■ Work required
The lines to retype run from the one containing "If their condition" through the end of the listing below. Reproduce them exactly, leaving out pictures.

######

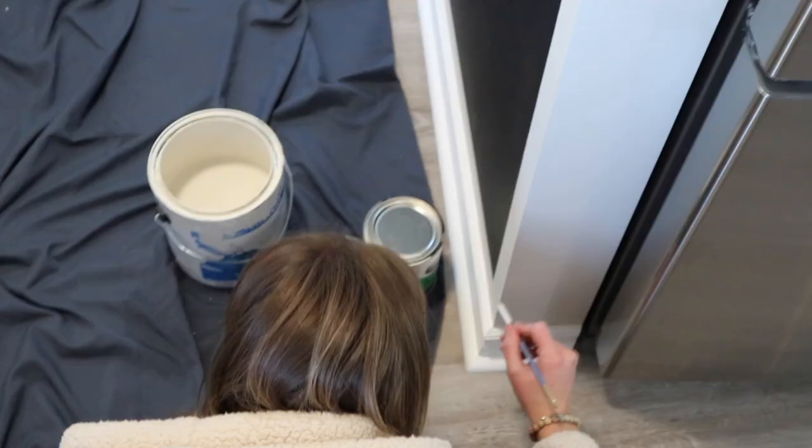Sam is very carefully touching up all the spots — well, the couple spots — where we got chalk paint on the wall. You already can't even tell. It's like you stayed in the lines.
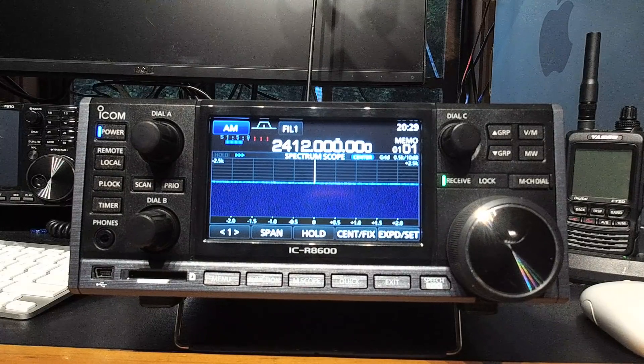So without too much further ado, I'll get started. I will say you'll have to watch me tune for a little bit. Wi-Fi is 20 MHz wide. My Wi-Fi access point is on channel 1, which is 2412 MHz.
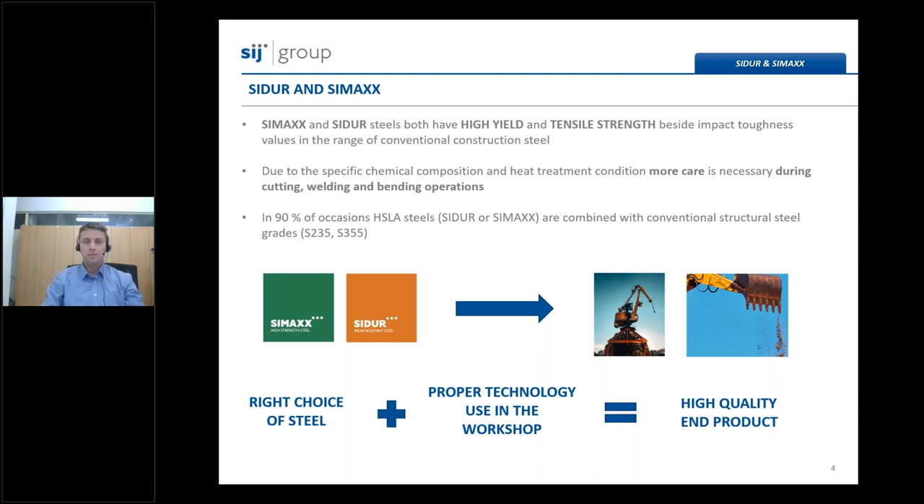Welding is an operation in which we permanently join at least two materials into a welded structure. Those two materials could be of the same grade or of two different steel grades. In approximately nine out of ten occasions, CMAX and Sidur are combined with conventional steel grades like S355 or S235. High quality of end products is defined by the right choice of steel in combination with proper technological steps during manufacturing. Cutting, welding, and bending operations should be done according to the producer's instructions.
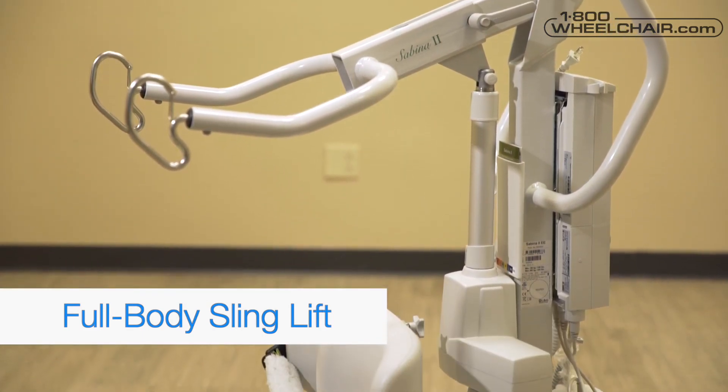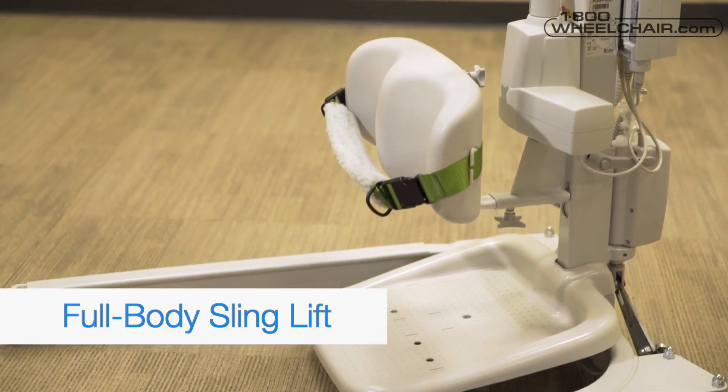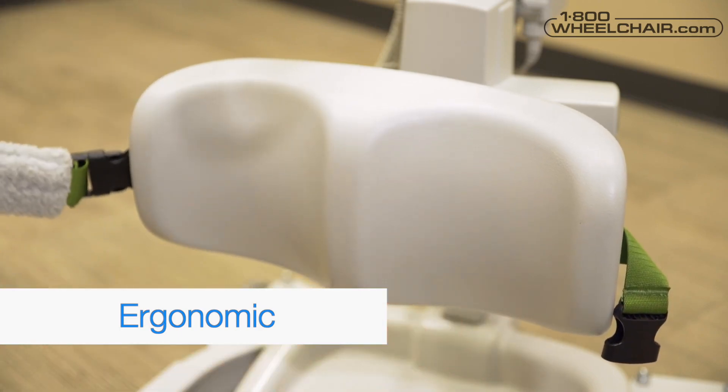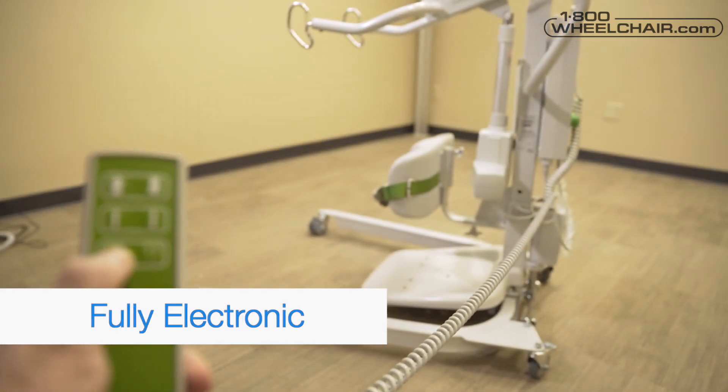If their condition worsens and the patient is unable to stand, the Sabina 2 can be used as a full-body sling lift. Ergonomic: the Sabina 2 is comfortable and ergonomic and has a very smooth raising motion.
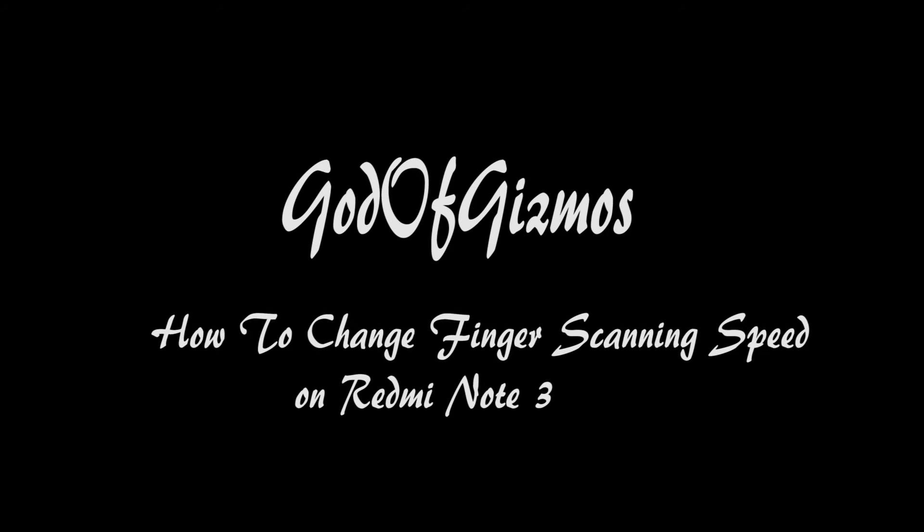Hi friends, welcome to God of Gizmos. Today I am going to show you how to change fingerprint reading for Redmi Mi Note 3, so let's get started. I will start with unlocking my phone with the power button, not with the fingerprint scanning.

######

■ Written answer
If their condition worsens and the patient is unable to stand, the Sabina 2 can be used as a full-body sling lift. Ergonomic: the Sabina 2 is comfortable and ergonomic and has a very smooth raising motion.
Hi friends, welcome to God of Gizmos. Today I am going to show you how to change fingerprint reading for Redmi Mi Note 3, so let's get started. I will start with unlocking my phone with the power button, not with the fingerprint scanning.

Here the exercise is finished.